TDKR depicts a 55-year-old Batman as a reflection of the brutal world he resides in. Gotham City is at its absolute worst due to the Mutant gang’s slice and dice acts for the sake of violence.

Meanwhile, government control is at an all-time high in the U.S. and superheroes are retired per an “arrangement” due to the public being fed up with capes and cowls.

Frank Miller crafts the story to make Batman appear to the public as more criminal than the hero, even though the reader knows the real score. When the climactic battle unfolds on the page, Superman is inadvertently the bad guy since victory will halt all of Batman’s progress in Gotham.

In the upcoming film, it is Superman who fills this role as humanity is split as to whether this strange visitor from another planet is friend or foe. Batman feels someone who has the power to wipe out the entire planet needs to be put in check, his way. As a movie goer, we know that Superman is the embodiment of truth and justice. In a way, this makes Batman the villain because he is trying to stop the Man of Steel from saving lives.

The difference here is that Batman is the ultimate concerned citizen in Snyder’s film while Superman is just following orders in Miller’s graphic novel. Neither one of them are really wrong, but their action ultimately interferes with the greater good.

When Batman dances his final tango with the Joker, he throws a batarang in the clown prince’s eye. He wouldn’t have resorted to such brutality in his prime unless he had no other option. Grumpy old Bat’s did it without hesitation and also paralyzed him.

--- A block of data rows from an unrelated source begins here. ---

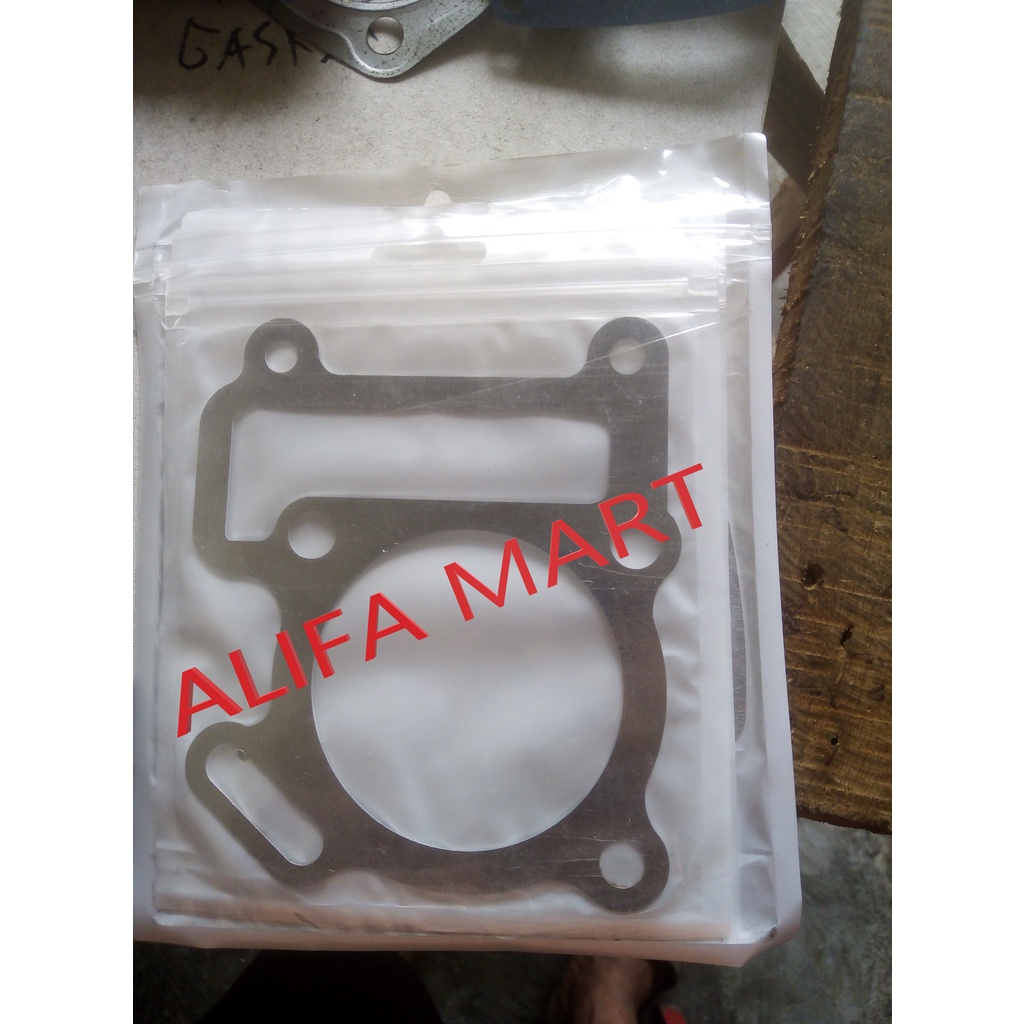 Jual Perpak paking blok almunium almu jupiter z vega tebal 0,5mm 0,8mm ...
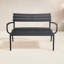 Banc d'extérieur 46 po Ruta Paris-1558921497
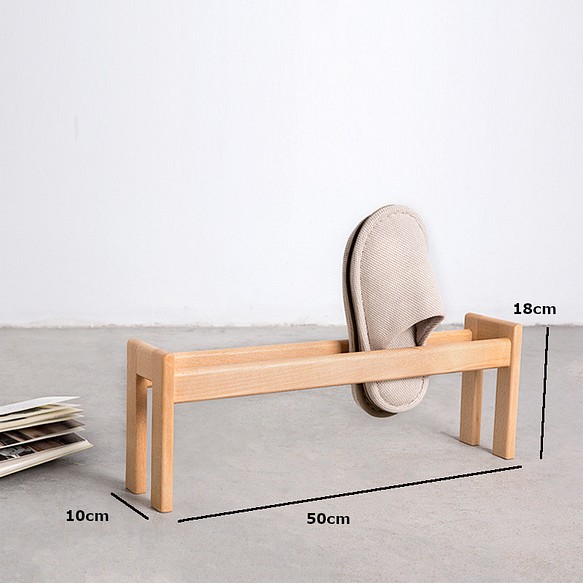 受注生産 職人手作り スリッパ収納 スリッパラック 玄関収納 おうち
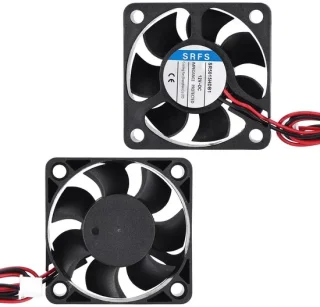 ServiceTopper ventilator 54 mm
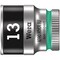 Wera 8790 HMA HF Zyklop socket with 1/4 in drive with holding function, 15 x 23 mm 5003010001 - alternate 1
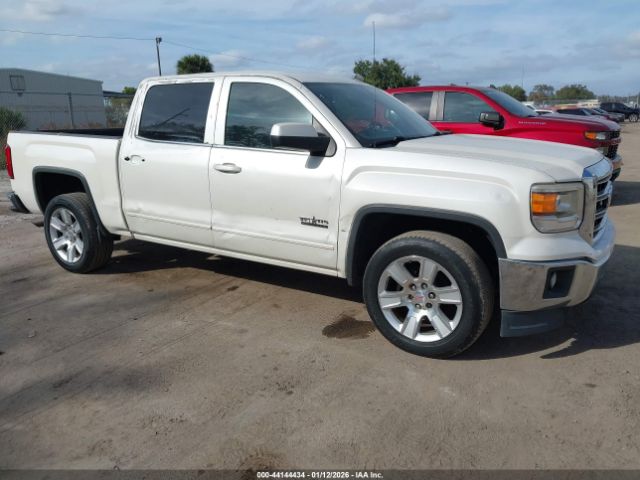 2014 GMC SIERRA 1500 3GTP1UEC3EG354314 Photo 5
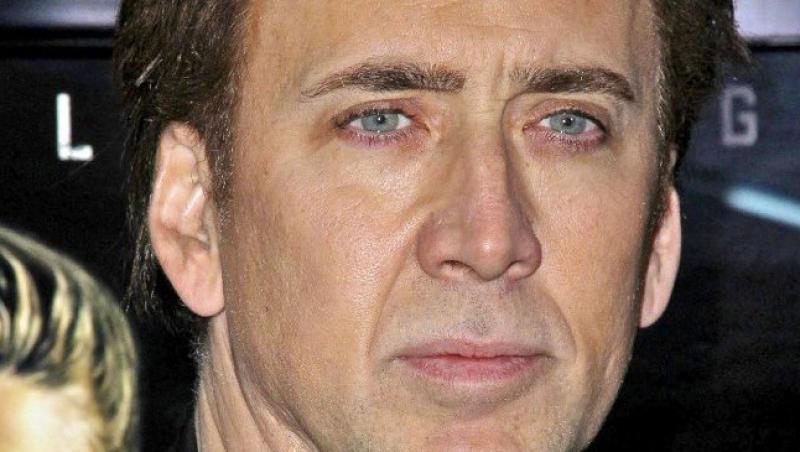 Fiul lui Nicolas Cage, arestat pentru violenta domestica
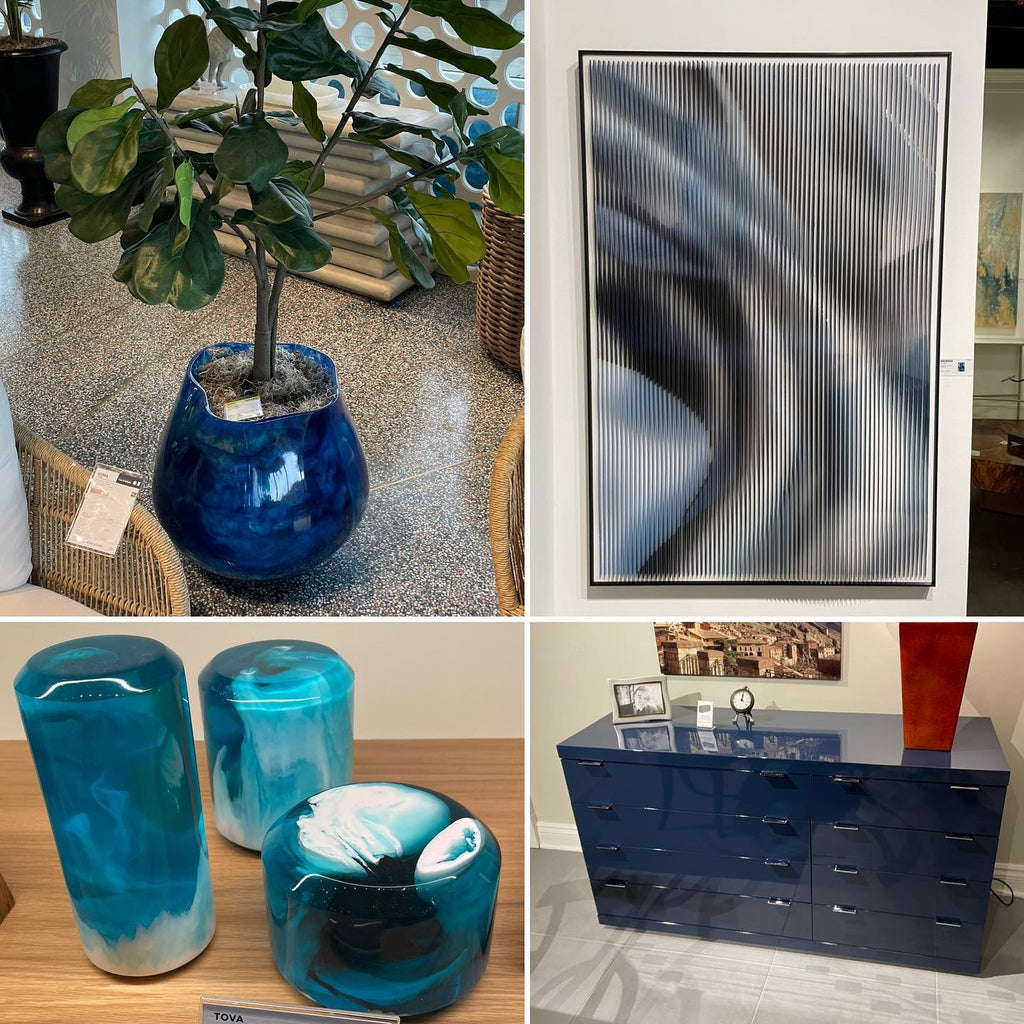 Bold and Edgy Favorites from High Point Market June 2021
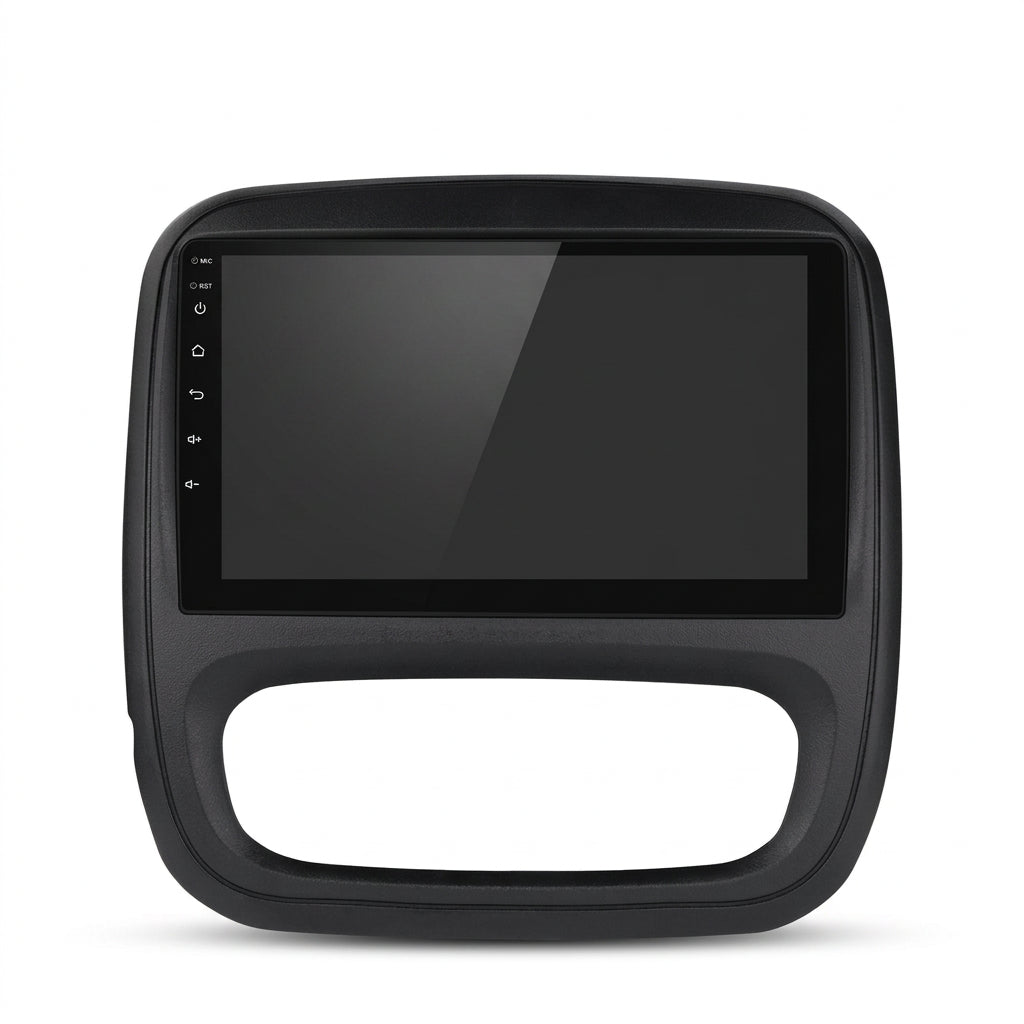 Android 12 Double DIN Car Radio for Renault Trafic - Gomix Brands Outlet
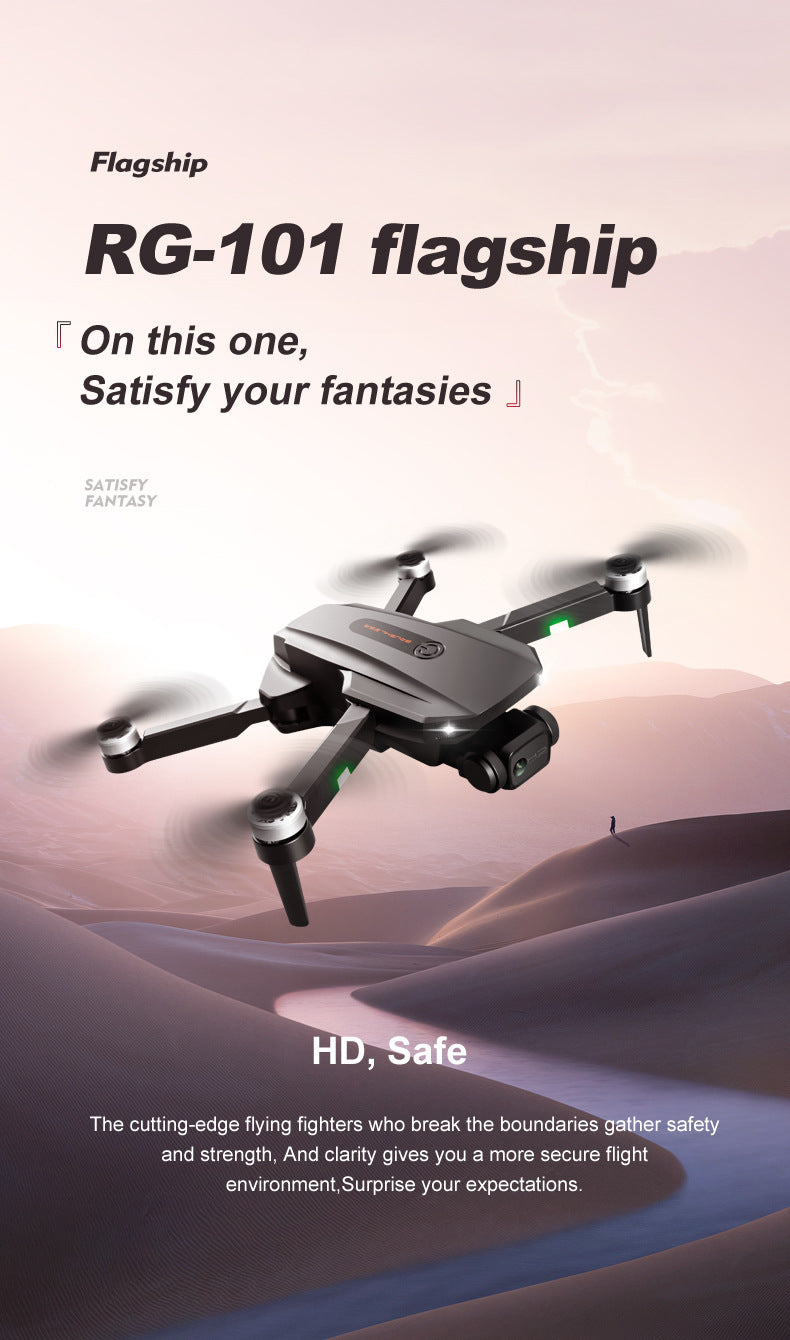 Automatically Returns To Home drome Dual Camera Quadcopter Automatically Returns To Home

Batman didn’t kill him, but he was framed for the murder, which sets things into motion because the public belief is that Batman has broken his no kill rule.

Experience taught Batman that he had to walk right up to the line of no return in order to deal with criminals. In the movie, the lives lost in the wake of Superman and Zod’s slug fest over the Metropolis skyline tells Batman that he needs to be as brutal as he is vigilant. The presence of unchecked super powered aliens has changed the world forever.

When we finally get to Batman and Superman’s climatic battle in TDKR, Superman is worried about Batman’s well-being despite throwing him around. Miller’s genius comes to the forefront in the final moments of the fight when a weakened Superman says “Bruce, your heart” right before Batman kicks the crap out of him while delivering that epic “One man that beat you” speech.

Miller makes the reader resent the blue boy scout for being a sellout at President Reagan’s beck and call. Then, that all goes away when he utters those three words out of concern in the face of his own death.

The parallels and contrasts between what we’ve seen of BvS and TDKR are intriguing to say the least.

Frank Miller’s gritty dialogue and world building augmented a dark and brooding Batman’s role in the overall scheme of things, which sparked a new generation of fans. Hopefully, Zack Snyder can do the same for the DCU with his creative mind and the cues he’s taken from The Dark Knight Returns.